In use, the beam 14 is attached to truck T2 as described above. The truck 
T2 is turned end for end and placed behind truck T1 so that the two trucks 
are in tandem with their rear ends adjacent to but spaced from one 
another. The free end of beam 14 is raised above saddle mount 16 of truck 
T1 and then lowered sufficiently to engage the cross member 90 of bar 82 
into the jaws 70 and 72 after which the jaws are operated to clamp on the 
bar. In this position, the beam and the rear end of truck T2 are raised 
sufficiently to raise the rear wheels of truck T2 above and out of contact 
with the ground. The rear end of truck T2 is raised only enough that the 
rear wheels do not contact the ground. This is possible because the truck 
T2 is transported without having to be overlapped and supported on the 
rear end of lead truck T1. A relatively low maximum height of the trailing 
truck T2 is thus achieved. The front saddle mount 16 enables both vertical 
and lateral swinging of the beam, so that the trailing vehicle can track 
around corners and over rises and dips in the road. The saddle mounts 18 
and 20 are shown as being of the same construction as saddle mount 16, but 
do not need to be since they together hold the beam rigid with respect to 
the trailing truck T2. 
An alternate embodiment of the invention is shown in FIGS. 6-15. In this 
embodiment, the beam assembly 10' is optimized for transporting trucks for 
long distance delivery over interstate highways as opposed to relatively 
short distance emergency delivery to, for example, a repair facility. 
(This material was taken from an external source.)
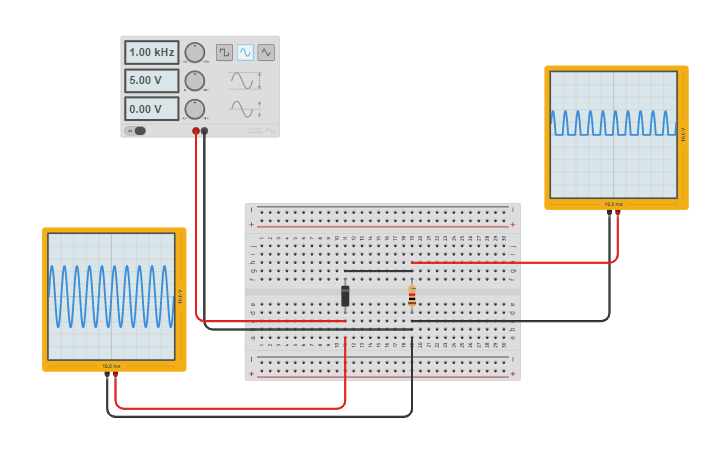 Circuit design Half Wave Rectifier - Tinkercad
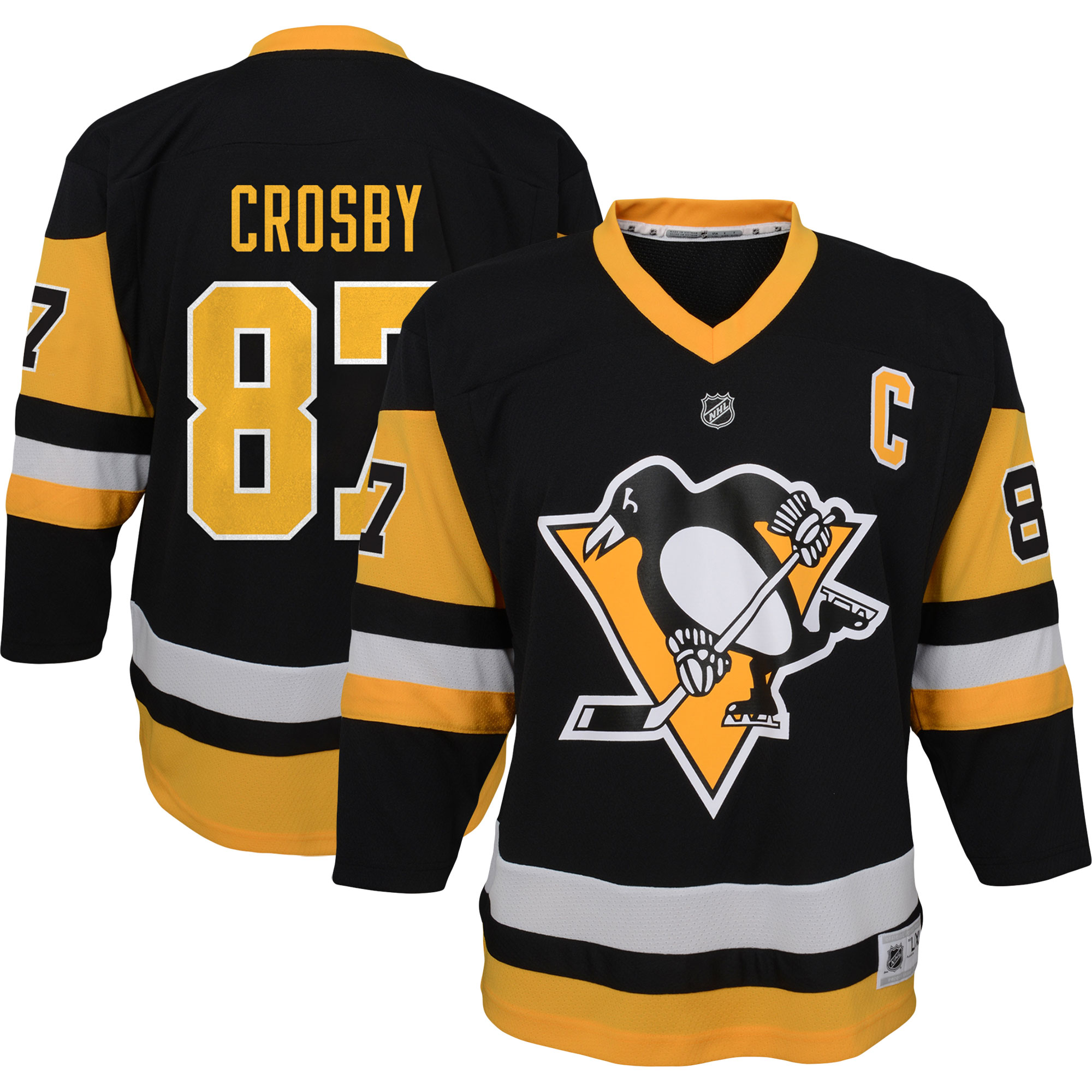 Sidney Crosby Pittsburgh Penguins Youth Captain Patch Home Player Jersey - Black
In accordance with one aspect of the optimized configuration shown in FIGS. 
6-15, the beam assembly 10' is configured so that its effective length can 
be shortened, if desired, to reduce the overall length of the lead truck 
T1 and trailing truck T2 combination. The ability to vary the effective 
length of the beam assembly 10' is important when it is necessary to 
ensure that the length of the combination does not exceed the maximum 
imposed by applicable legal regulations (i.e., seventy-five feet on 
interstate highways). 
In the illustrated embodiment, the forward end of the beam 14' can be 
pinned to a front beam support 100 in any one of a number of different 
positions. The rear end of the beam 14 is connected to a rear beam support 
102. The front beam support 100 and rear beam support 102 are detachably 
mounted on the lead truck T1 and trailing truck T2 respectively. The 
effective length of the beam assembly 10' can be changed by changing the 
amount by which the beam 14' extends through the beam support 100. In the 
illustrated embodiment, five opposed pairs of apertures or holes 104 are 
formed in the forward end of the beam 14' and three opposed pairs of 
complimentary apertures or holes 106 are formed in the front beam support 
100. Two or more pins 108 extending through the aligned apertures in the 
forward end of the beam 14' and in the front beam support 100 secure the 
beam 14' to the from beam support 100. The effective length of the beam 
assembly 10' can be adjusted by selecting which holes 104 in the beam 14 
align with which holes 106 in the front beam support 100 before the two 
are pinned together. In this manner, it is possible to shorten the total 
length of the combined lead and trailing trucks T1 and T2 to bring the 
combination within legal limits. 
In accordance with another aspect of the invention, the optimized beam 
assembly 10' shown in FIGS. 6-15 provides flexibility to enable the 
assembly to be used in connection with any combination of trucks 
regardless of whether the trucks are or are not provided with fifth wheel 
assemblies. For example, in FIG. 6, both the lead truck T1 and the 
trailing truck T2 are attached to the boom assembly by means of their 
respective fifth wheel assemblies 110. In FIG. 9, the lead truck T1 is 
attached to the boom assembly 10' by means of a fifth wheel assembly 110 
while the trailing truck T2 is not. In FIG. 12, the lead truck T1 is not 
attached to the boom assembly 10' by means of a fifth wheel 110. 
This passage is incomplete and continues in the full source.